Astro AWANI's live channel is accessible regardless of location via its website (www.astroawani.com), designated Astro AWANI App, and Youtube Live. It has significant presence on Twitter, Instagram, Youtube, Facebook, TikTok, Linked In and Telegram.

History 

In 2002, the channel was launched as The News Channel (Astro News). During that time, it carried programming from Al Jazeera (broadcast in Arabic with live Malaysian dubbing), BBC World, CCTV-9, Eurosport News, the Australia Network and Deutsche Welle. It also aired Astro News, a half-hour locally produced news program.

The five networks carried on that channel were since available separately. Until February 2007, Astro News was co-produced with the national news agency Bernama. The news is also translated into Mandarin Chinese on Astro AEC, Malaysian on Astro Ria and Tamil on Astro Vaanavil.

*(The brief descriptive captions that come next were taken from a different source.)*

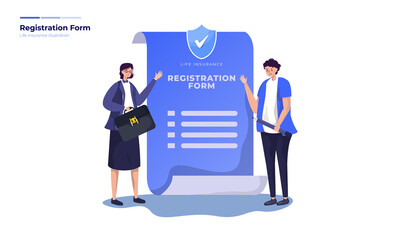 Illustration of life insurance registration form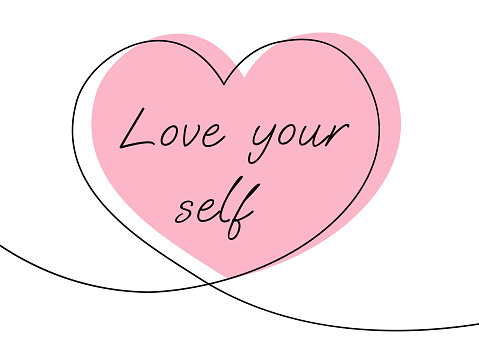Love your self. yuaner in line art style with a pink heart
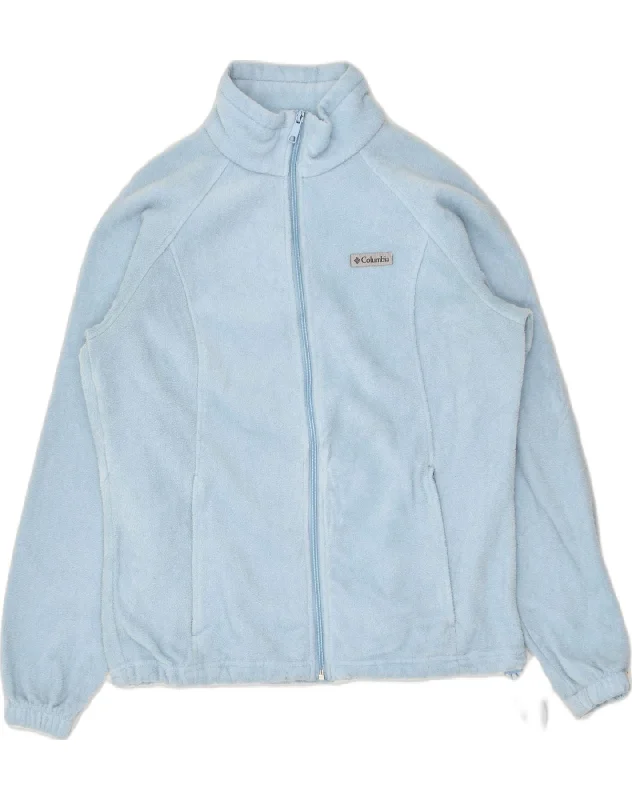 COLUMBIA Womens Fleece Jacket UK 16 Large Blue Polyester Tiered Jacket Buttoned Jacket Zippered Jacket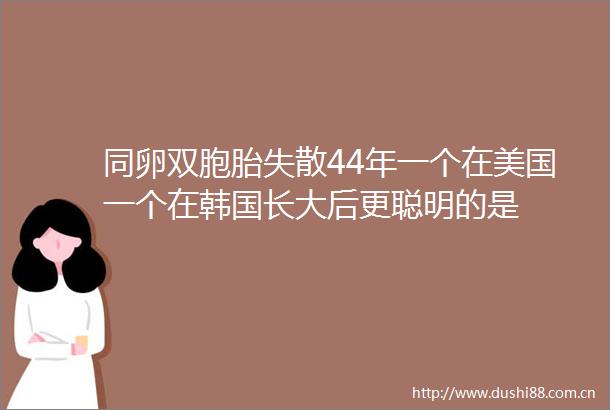 同卵双胞胎失散44年一个在美国一个在韩国长大后更聪明的是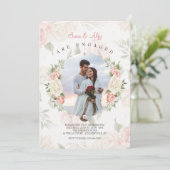 Floral Lijst Waterverf Foto Kaart (Staand voorkant)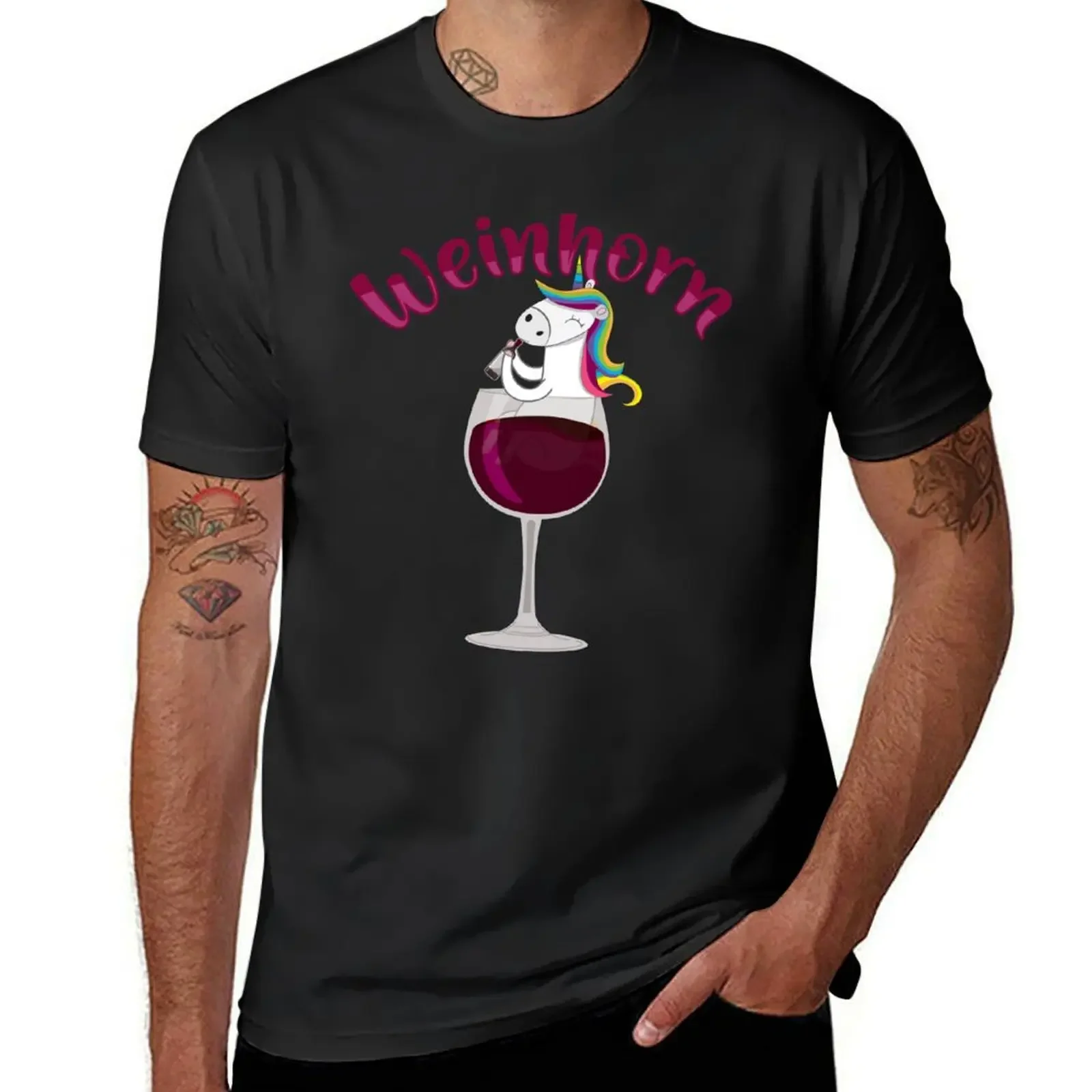 Unicorn drinks wine Weinhorn wine lover wine festival design T-Shirt oversized graphic tee men t shirts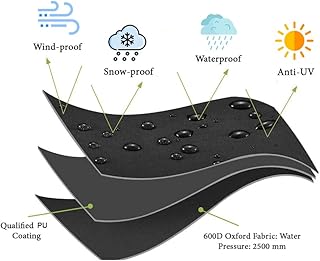 PATIO PLUS BLGCC65-BK - Funda para silla de jardín apilable (impermeable, anti-UV, 600D, tela Oxford, reclinable, 65 x 65 x 120/80 cm)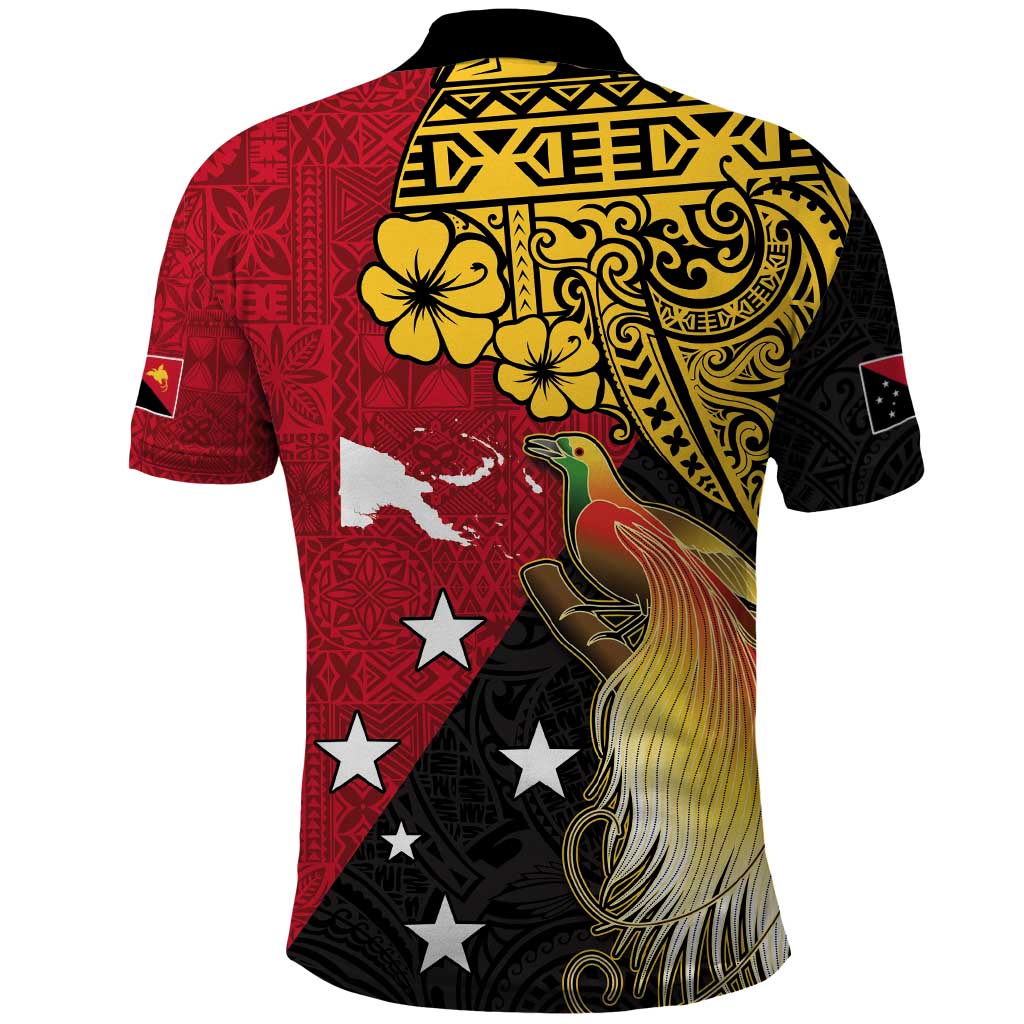 Papua New Guinea Independence Day Polo Shirt Bird-of-Paradise with Map and Polynesian Pattern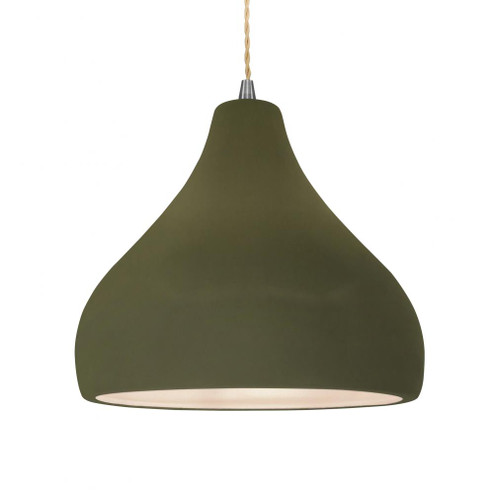Large Droplet 1-Light Pendant (254|CER-6565-MGRN-NCKL-BEIG-TWST)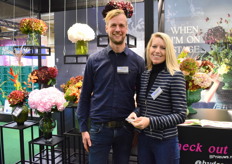 Jack van Wingerden en Inger Dickhoff van Hydreangeaworld.com voor snijhortensiakwekers. Hydreangeaworld.com is het collectief voor alle Royal FloraHoland snijhortensiakwekers.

English news was also aired on Astro Prima.

Astro Awani was first launched on 15 June 2006 in Indonesia by a joint venture between Astro and India-based NDTV. However, due to continued differences between the JV partners, the Indonesian version went off-air in October 2008.

On 6 September 2007, Astro Awani was launched in Malaysia, at the Palace of the Golden Horses.

In 2008, Astro AWANI was renumbered from channel 123 to channel 501. 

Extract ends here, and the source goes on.